Every record must be copied exactly, except that pictures are dropped.

+++

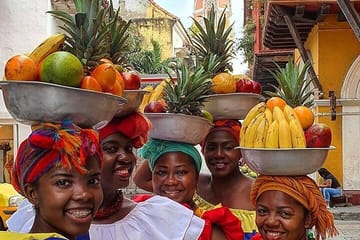 Cultural Walking Tour of Cartagena with Bourdain-Inspired Lunch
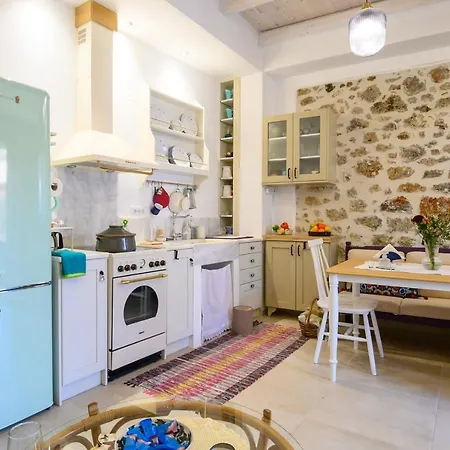 Konstantis Holiday home *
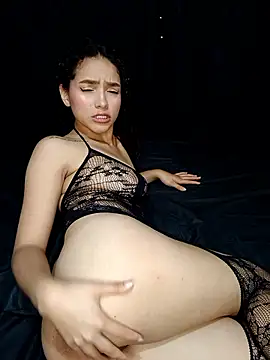 Snapshot of curlie_dream chatting on December 5, 2025, 2:21 am curlie dream online show from December 5, 2025, 2:21 am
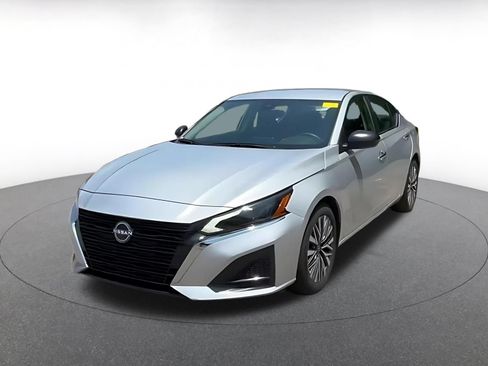 Used 2025 Nissan Altima 2.5 SV FWD image 5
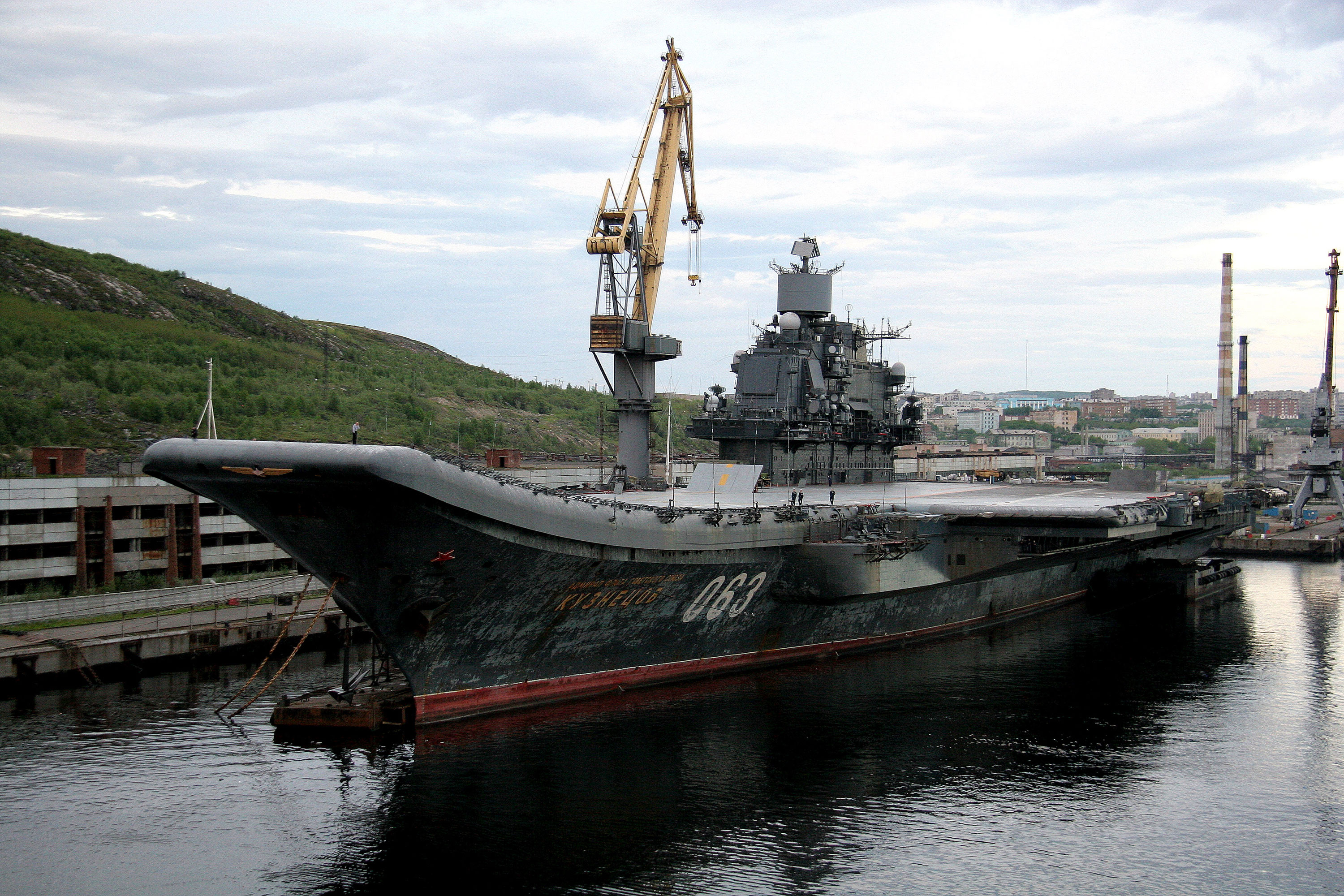 Vliegdekschip "Admiral Kuznetsov" te repareren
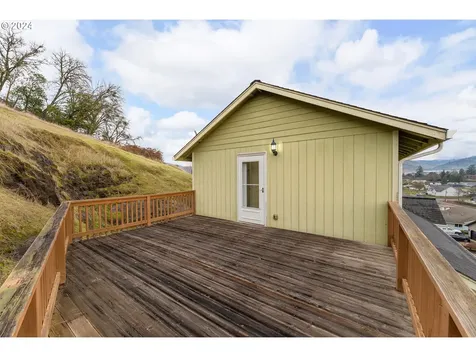 243 Summerwood Street Roseburg OR 97471
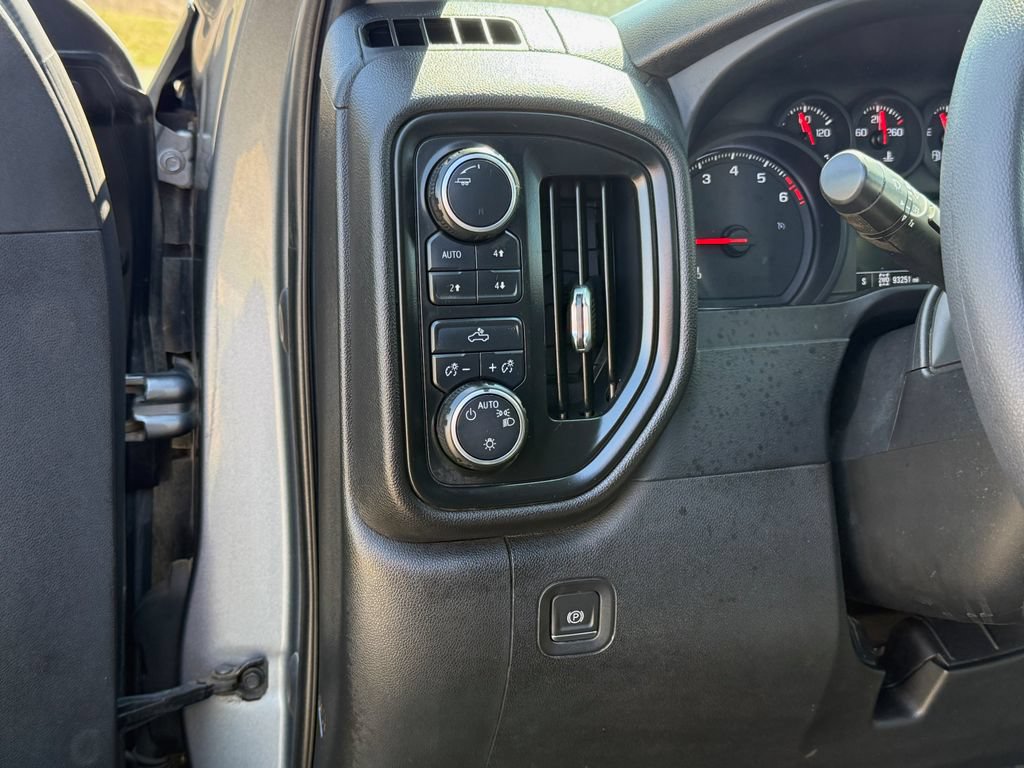 Certified 2020 Chevrolet Silverado 1500 Custom Trail Boss w/ Custom Convenience Package AWD/4WD image 15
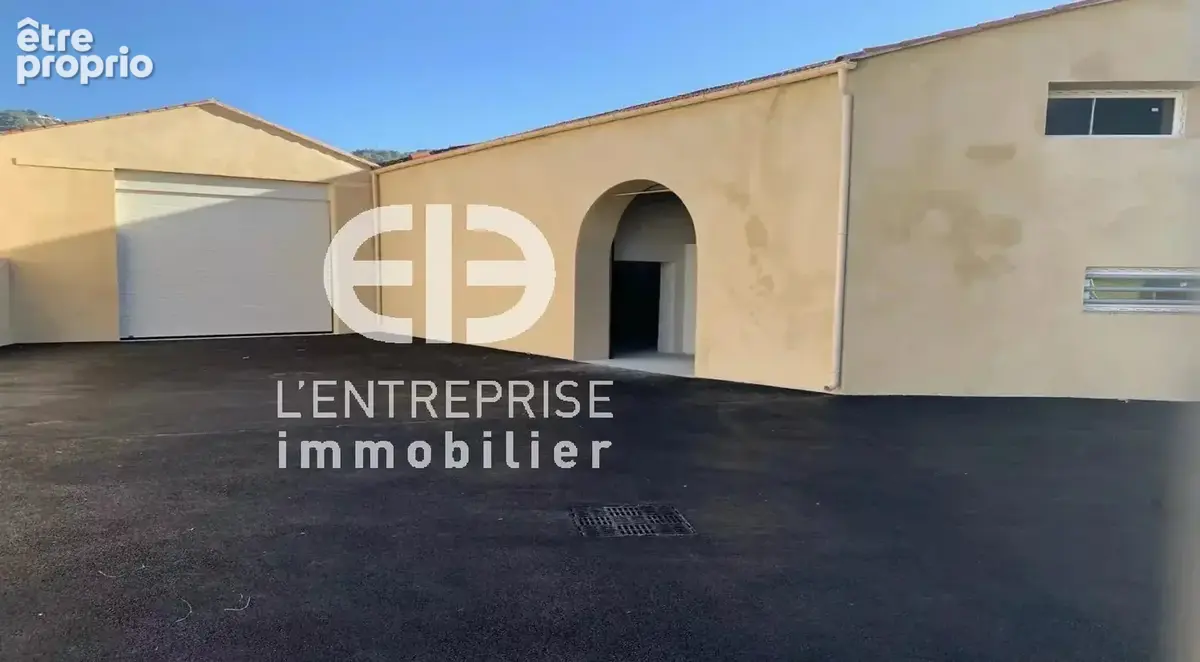À vendre – nice est – ensemble immobilier mixte entrepot - habitations intégralement loué - photo 1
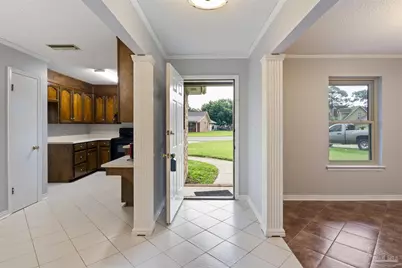 7757 Grundy St, Pensacola, FL 32507 - Photo 3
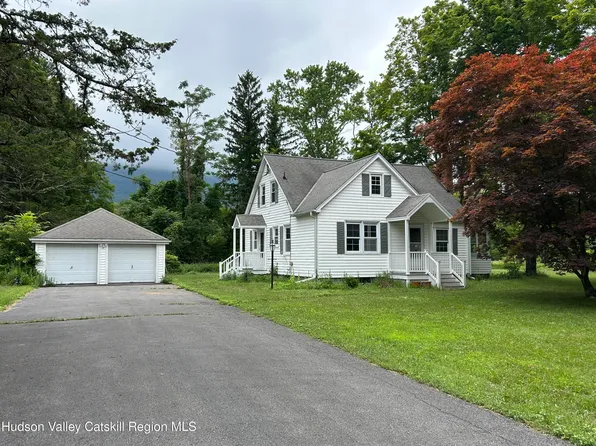 969 Blue Mountain Road, Saugerties, NY 12477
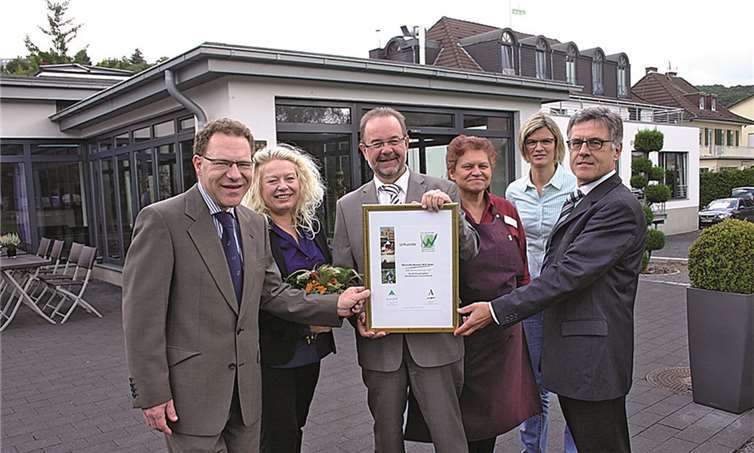 Bürgermeister Wolfgang Kröger (r.), Tourismus-Leiterin Maike Gausmann-Vollrath (2. v. r.) und Heinz Schönewald vom Ahrtal-Tourismus (l.) freuten sich mit Sylvia Linden über die Urkunde, die die Zertifizierung offiziell bestätigt. RÜ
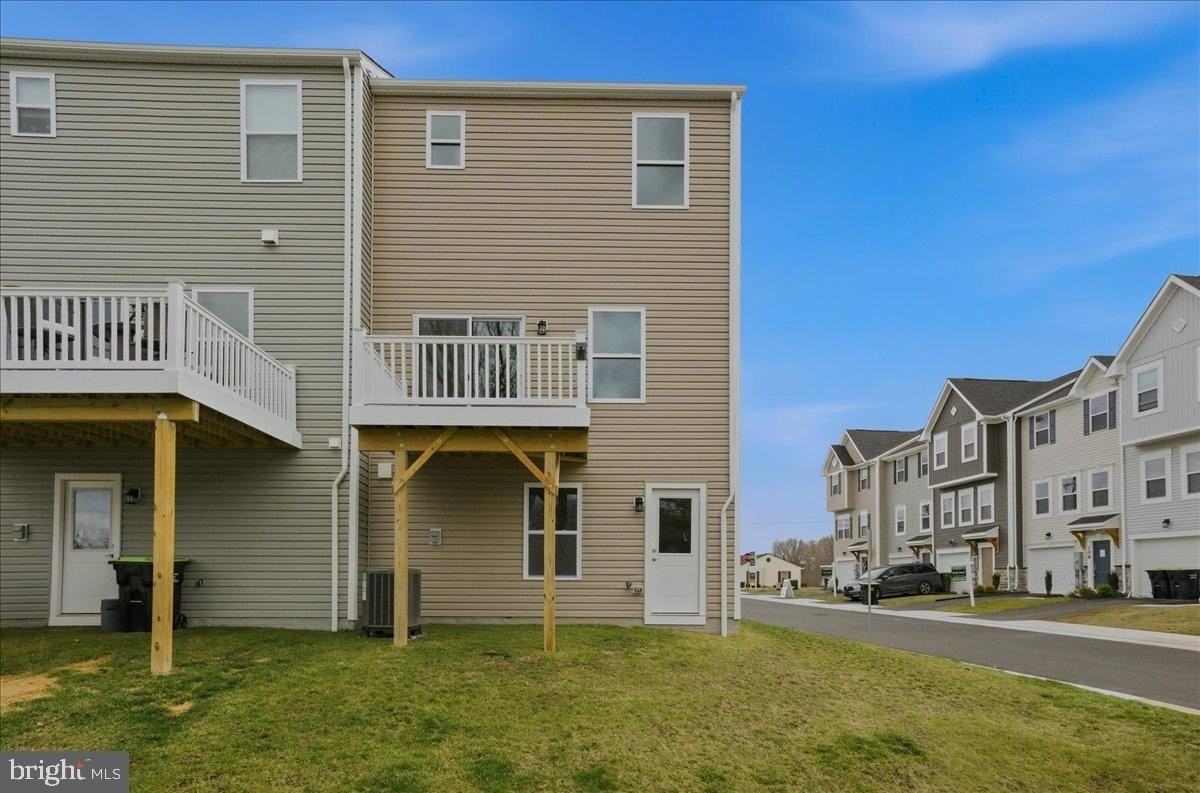 101 Marlow Ct - Photo 3 of 46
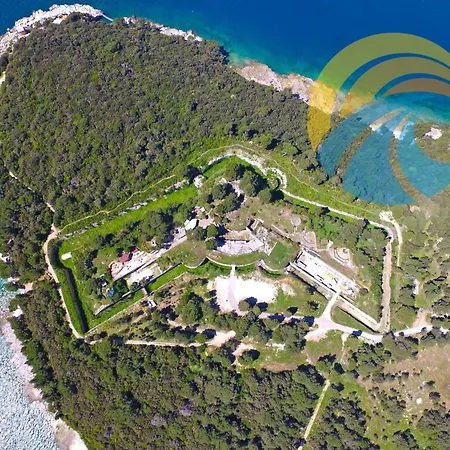 Veroslava 2159 プーラ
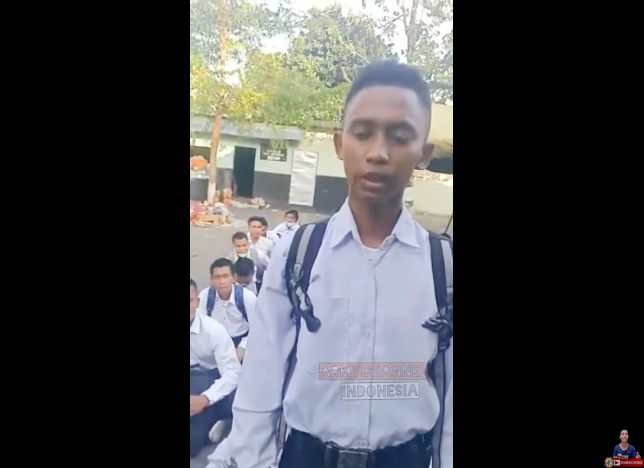 aksi memukau casis tni asal bima fasih berbicara 3 bahasa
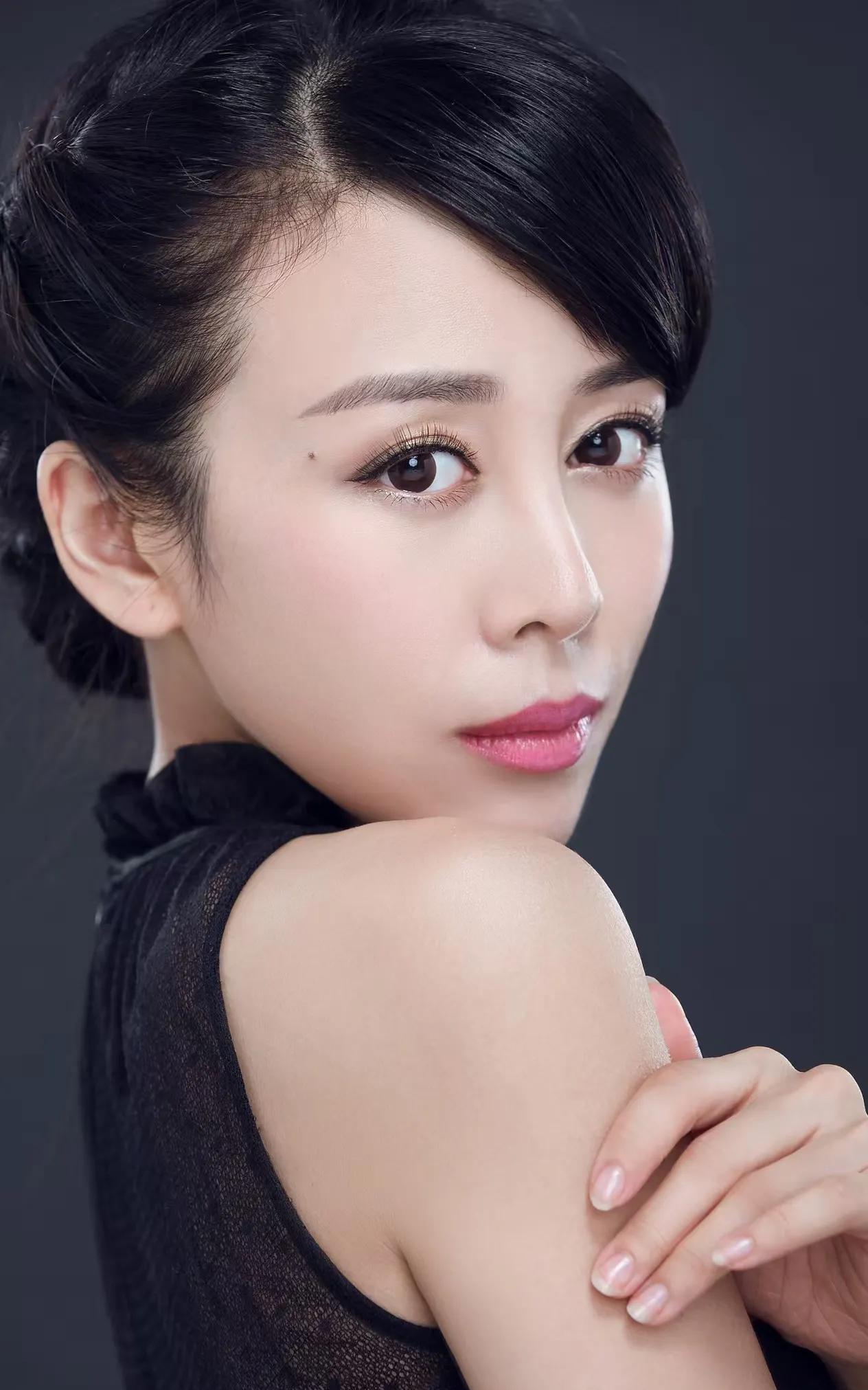 贾媛媛，出生于山东烟台，毕业于日本上智大学，北京大学艺术学院2018级硕士研究生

+++

*Solution to the exercise*
 Cultural Walking Tour of Cartagena with Bourdain-Inspired Lunch
 Konstantis Holiday home *
 Snapshot of curlie_dream chatting on December 5, 2025, 2:21 am curlie dream online show from December 5, 2025, 2:21 am
 Used 2025 Nissan Altima 2.5 SV FWD image 5
 Vliegdekschip "Admiral Kuznetsov" te repareren
 243 Summerwood Street Roseburg OR 97471
 Certified 2020 Chevrolet Silverado 1500 Custom Trail Boss w/ Custom Convenience Package AWD/4WD image 15
À vendre – nice est – ensemble immobilier mixte entrepot - habitations intégralement loué - photo 1
 7757 Grundy St, Pensacola, FL 32507 - Photo 3
 969 Blue Mountain Road, Saugerties, NY 12477
 Bürgermeister Wolfgang Kröger (r.), Tourismus-Leiterin Maike Gausmann-Vollrath (2. v. r.) und Heinz Schönewald vom Ahrtal-Tourismus (l.) freuten sich mit Sylvia Linden über die Urkunde, die die Zertifizierung offiziell bestätigt. RÜ
 101 Marlow Ct - Photo 3 of 46
 Veroslava 2159 プーラ
 aksi memukau casis tni asal bima fasih berbicara 3 bahasa
 贾媛媛，出生于山东烟台，毕业于日本上智大学，北京大学艺术学院2018级硕士研究生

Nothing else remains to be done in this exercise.